Sebaliknya untuk perikanan, selama ini pencurian ikan oleh nelayan-nelayan Thailand sangat sering terjadi juga nelayan Filipina, Malaysia, Vietnam, Kamboja, Taiwan, dan juga China. Sepanjang 2007-2012, kapal pengawas KKP telah menangkap 1.029 kapal pencuri ikan. Menurut Organisasi Pangan dan Pertanian (FAO), pada 2008 lalu pencurian ikan telah merugikan Indonesia Rp 30 triliun per tahun. Jumlah ini sangat cukup untuk membeli daging sapi Autralia yang bikin ribut tersebut. 

Hasil produksi perikanan Indonesia saat ini baru menempati urutan keempat di dunia dengan 9,5 juta ton per tahun, terdiri dari 5,5 juta ton hasil perikanan tangkap dan 4 juta ton produk budidaya perikanan. Potensi lestari perikanan laut Indonesia sekitar 6,5 juta ton/tahun, artinya baru dimanfaatkan sebesar 77 persen. Untuk budidaya laut, nelayan Indonesia baru menggunakan 10 persen dari potensi yang ada.  Dalam buku Kementan (2013) disebutkan bahwa potensi untuk usaha budidaya perikanan di Indonesia sekitar 15,59 juta hektar yang terdiri dari budidaya air tawar seluas 2,23 juta hektar, payau 1,22 juta hektar dan budidaya laut 12,14 juta hektar. Dari seluruh potensi tersebut tingkat pemanfaatannya baru sekitar 10 persen untuk budidaya air tawar, 40 persen budidaya air payau, dan yang paling parah pada budidaya air laut yang baru 0,01 persen.

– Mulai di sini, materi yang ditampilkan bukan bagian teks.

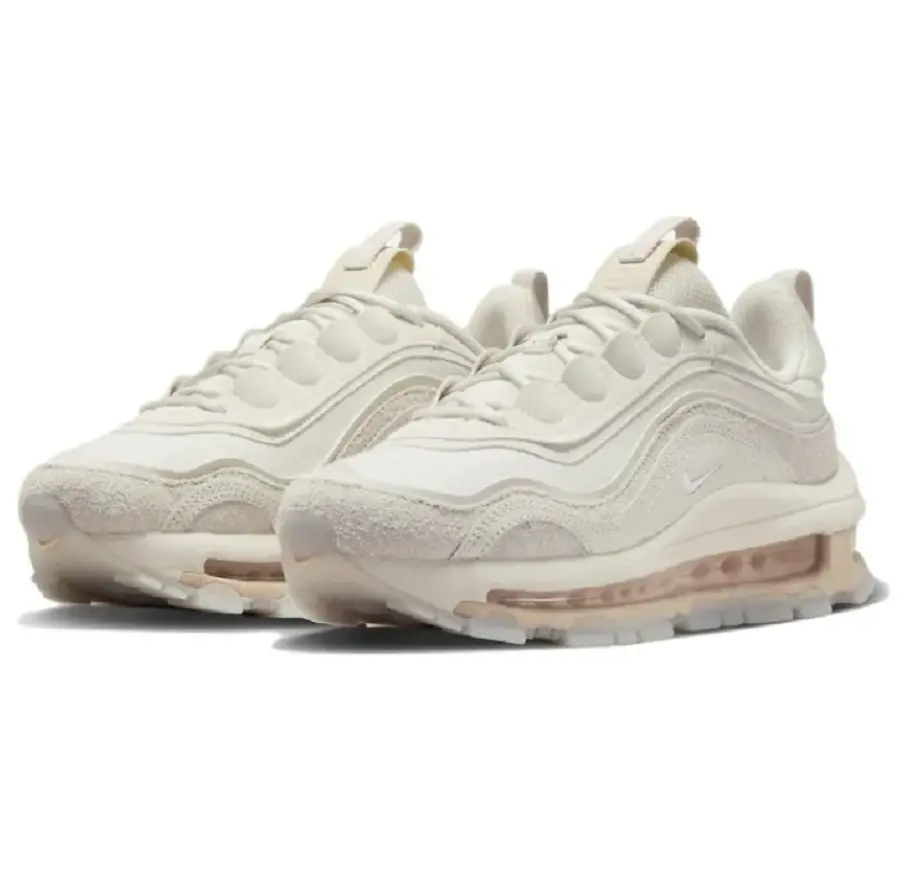 Alternative view of Giày Nike Air Max 97 Futura 'Guava Ice' FB4496-001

Sudahlah kondisinya demikian, kebijakan pemerintah sering pula tidak berpihak. Dalam tulisan “Eksploitasi Ikan Dinilai Dilegalkan” (Kompas, 20 Februari 2013.), Kementerian Kelautan dan Perikanan memberikan keistimewaan bagi kapal pukat cincin berbobot mati 1.000 gros ton (GT) untuk menangkap ikan di perairan lebih dari 100 mil, melakukan alih muatan ikan di tengah laut, dan mengangkutnya ke luar negeri. Sebaliknya, seluruh kapal ikan berbobot di bawah 1.000 GT diwajibkan untuk mendaratkan ikan di pelabuhan Indonesia. Masalahnya, Indonesia selama ini belum pernah memiliki kapal penangkap ikan berbobot lebih dari 1.000 GT. Sebanyak 96 persen dari 350.000 unit kapal tangkap ikan saat ini berbobot mati di bawah 30 GT. Maka, kebijakan pemerintah mendatangkan kapal-kapal pukat cincin di atas 1.000 GT akan melemahkan daya saing nelayan Tanah Air. Perlakuan khusus bagi kapal di atas 1.000 GT untuk mengambil ikan dan mendaratkan ke luar negeri telah membuka pintu bagi pencurian ikan di laut Indonesia.

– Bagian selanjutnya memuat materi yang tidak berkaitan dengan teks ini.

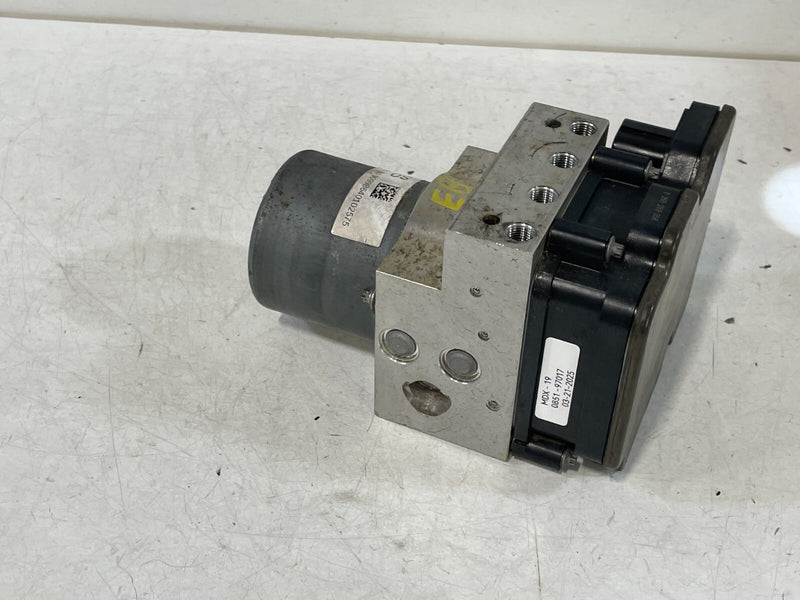 Load image into Gallery viewer, 2019 ACURA MDX ANTI LOCK ABS BRAKE PUMP MODULE UNIT 57111-TYS-A04 3.5L # 97017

Ketentuan ini tertuang dalam Permen Kelautan dan Perikanan No 30 Tahun 2012 tentang Usaha Perikanan Tangkap di Wilayah Pengelolaan Perikanan Negara Republik Indonesia.  Artinya, kapal-kapal besar ini punya keistimewaan beroperasi tunggal di area lebih dari 100 mil, melakukan alih muatan ikan di tengah laut untuk diangkut langsung ke luar negeri. Jika kapal besar itu adalah milik investor asing, maka tamatlah kita.